-- Work task --
Copy out precisely the lines of the material that follows, beginning with the line containing "La PlayStation Experience" and ending with its last line; exclude pictures.

(Beginning of Data shown)

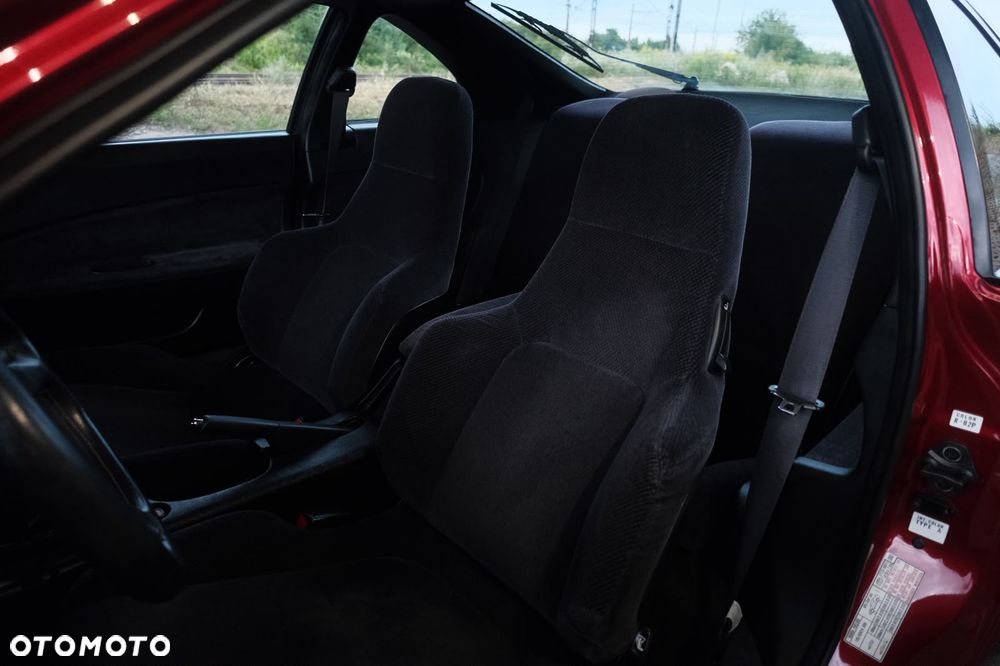 Honda Prelude - 27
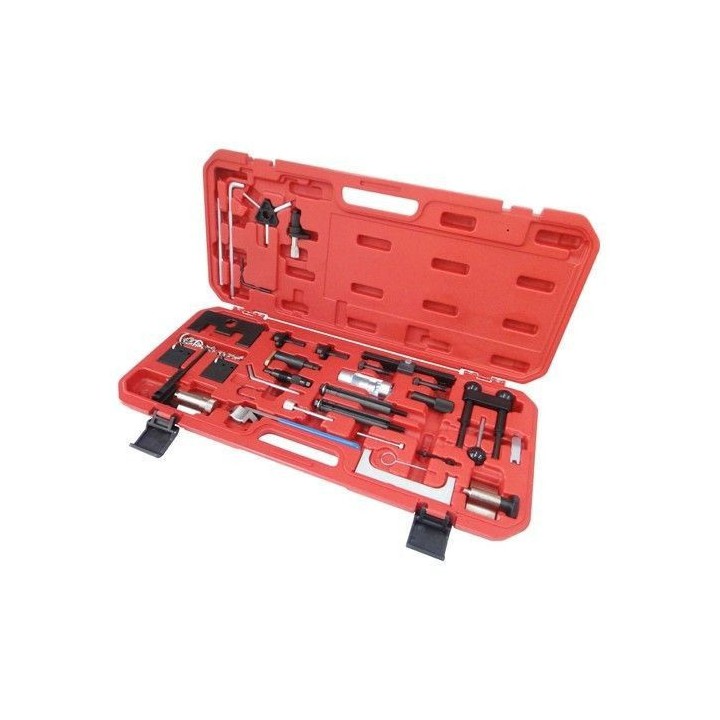 Coffret calage distribution VW, SEAT, AUDI, SKODA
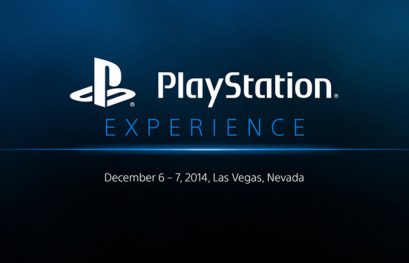 La PlayStation Experience aura lieu chaque année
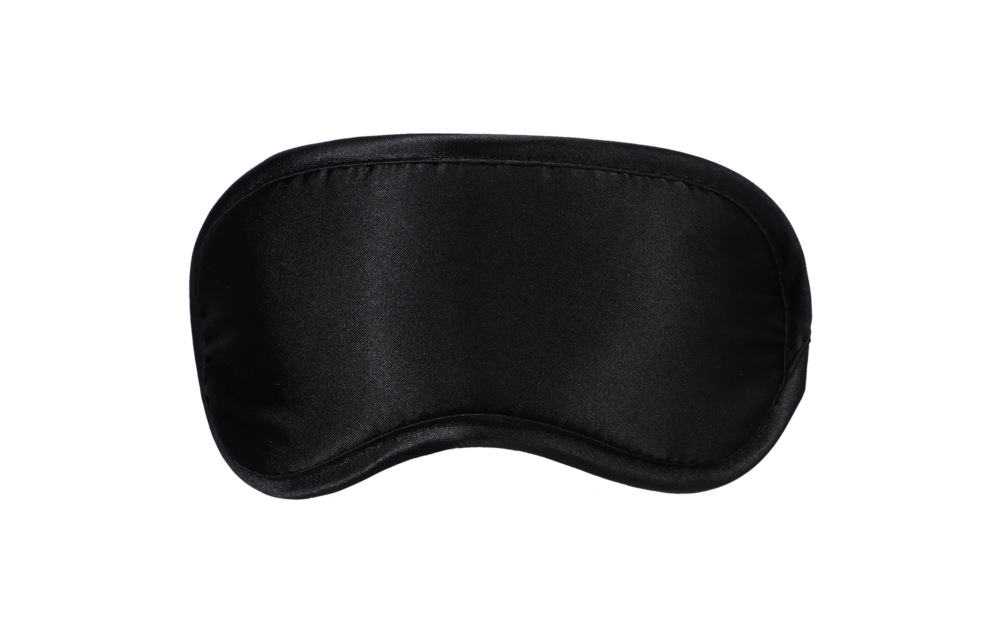 Das Vip Room BDSM Premium Set Schwarz – 11-teiliges Vergnügen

(End of Data shown)

-- Expected answer --
 La PlayStation Experience aura lieu chaque année
 Das Vip Room BDSM Premium Set Schwarz – 11-teiliges Vergnügen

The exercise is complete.